In my personal, provocative-but-not-so-clever opinion, the greatest value of Bible software is how easy it makes it to compare and contrast Bible translations in multiple languages. That’s why I’m so utterly sold on the Multiview Resources feature in Logos Now, and why I use it all day every day, dedicating an entire external monitor to it. In a glance I can compare the Bible translations I find most useful.

multiview resources

Take heart, you who don’t read Greek and Hebrew. Reading the original languages is incredibly valuable, but you can mimic that skill and get much of the same value by comparing Bible translations in languages you can read. Had a little Spanish? Trot out your Reina Valera. French? Louis Segond. Urdu? Well, more power to you.

You have to be really sold on the value of a text to buy and read and repeatedly use different translations of that text. For Dante’s Divine Comedy, give me what is generally regarded as the “best” translation. I’ll probably be impatient with questions like “best for what?” I just don’t care enough. But we’re talking about the Bible here. God’s words. God’s words. We are privileged to have many good translations of those words, all of which—especially when you do use them all—are helpful for knowing what they mean.

The Best Bible Translations

OLSHA members, let’s end Bible translation tribalism. The consensus of evangelical people who know Greek and Hebrew and believe in the inspiration and absolute truthfulness of Scripture is that the following translations are useful, and nothing to be afraid of (as long as you have a basic sense of which ones are more “literal” and which ones are more “interpretive”). Make sure you own and use these in Logos:

The cheapest way to get these translations is to buy a base package. The Starter base package has most of them.
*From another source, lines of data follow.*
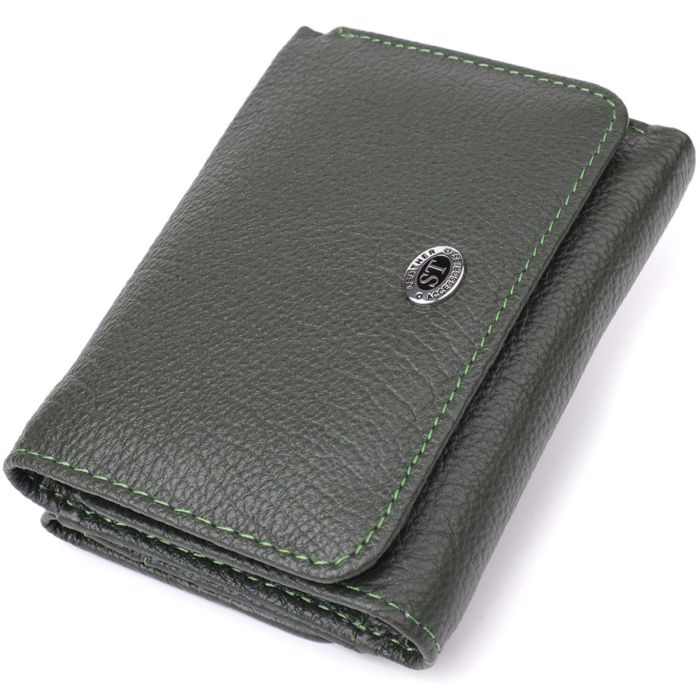 Женский кошелек компактного размера из натуральной кожи ST Leather 23072 Зеленый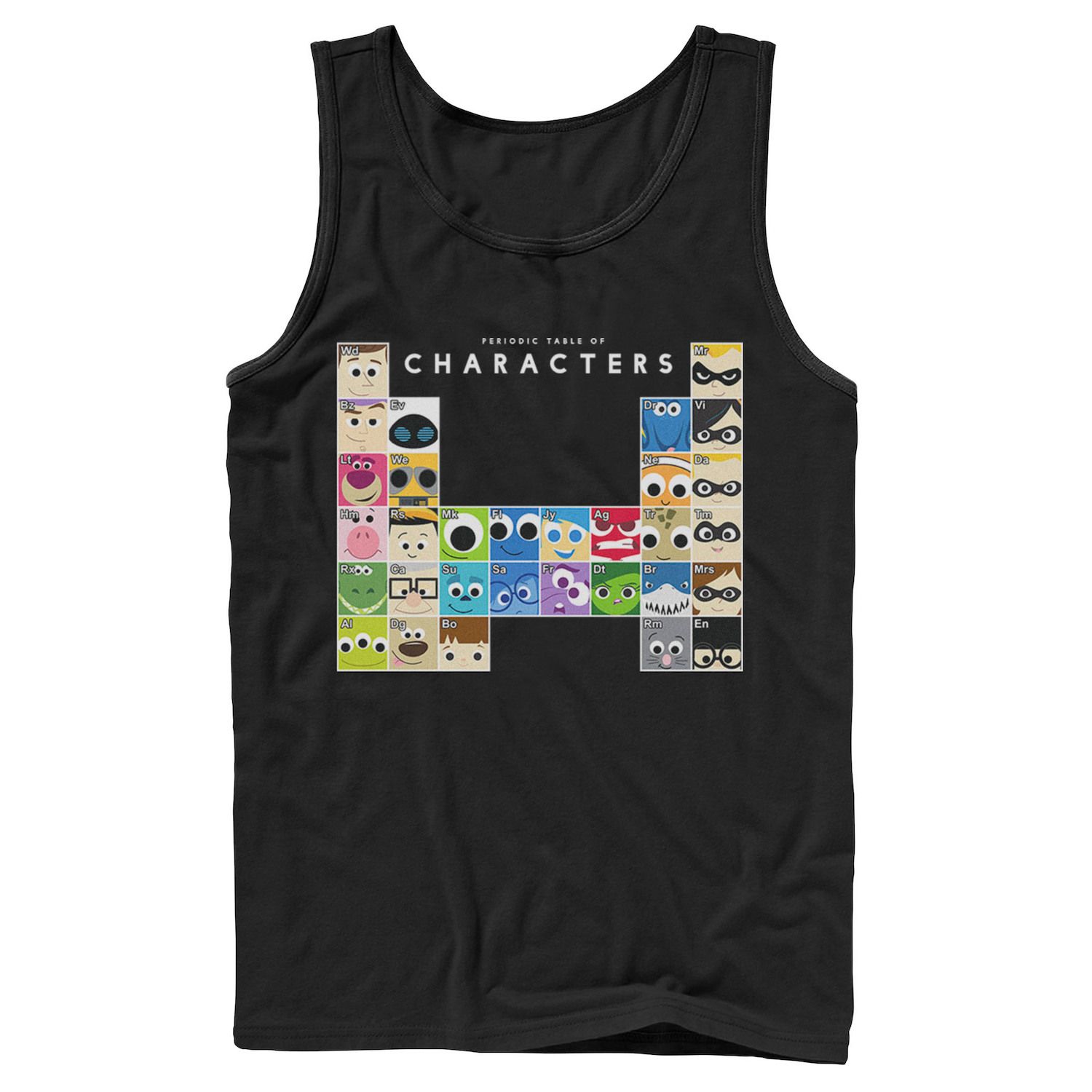 Image for Disney / Pixar Men's Movie Characters Periodic Table Tank Top at Kohl's.
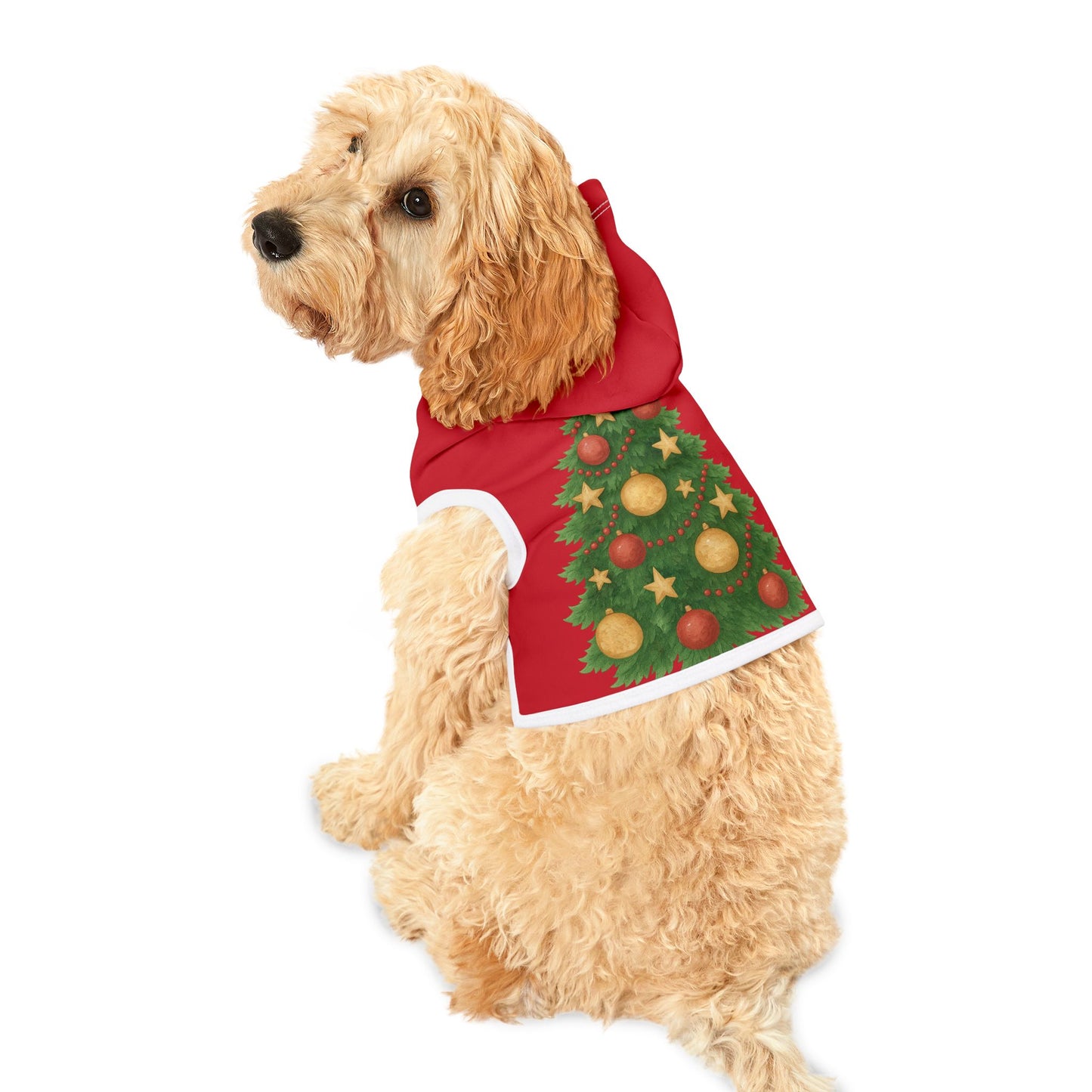 Pet Hoodie - Festive Christmas Tree Dog & Cat Hoodie, Holiday Red Pet Sweatshirt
I also use older translations like the KJV and Tyndale, because I have access through my alma mater to the (very expensive) Oxford English Dictionary and can decode archaic vocabulary as necessary (this is another post for another day). I also use Spanish, French, Italian, German, and other translations occasionally, when I’m really intent on finding out what the democracy of translators has “voted.” I will also happily check Catholic versions such as the NAB and NJB; mainline Protestant translations such as the NRSV (honorable mention: RSV) and CEB.  I occasionally feel that I see Catholic or mainline bias coming through in those versions, but not often. And evangelical bias fills my bulleted list—I just happen to share that bias.

I also check the Vulgate and Septuagint frequently—and I am leaving out quite a number of other English translations that deserve honorable mention. But they won’t get it today.

An Encouragement

I don’t want to give anyone an excuse not to learn Greek or Hebrew. If you are called to any kind of Bible-teaching ministry and you have the opportunity to study these languages, you most definitely ought to.

I do, however, want to encourage people who aren’t called to that kind of ministry or haven’t had that chance to study the original languages of Scripture. I won’t make you promise anything, but I do want to provoke you to love and good works. You don’t have to be clever. Just make it a regular habit to use multiple translations of the Bible.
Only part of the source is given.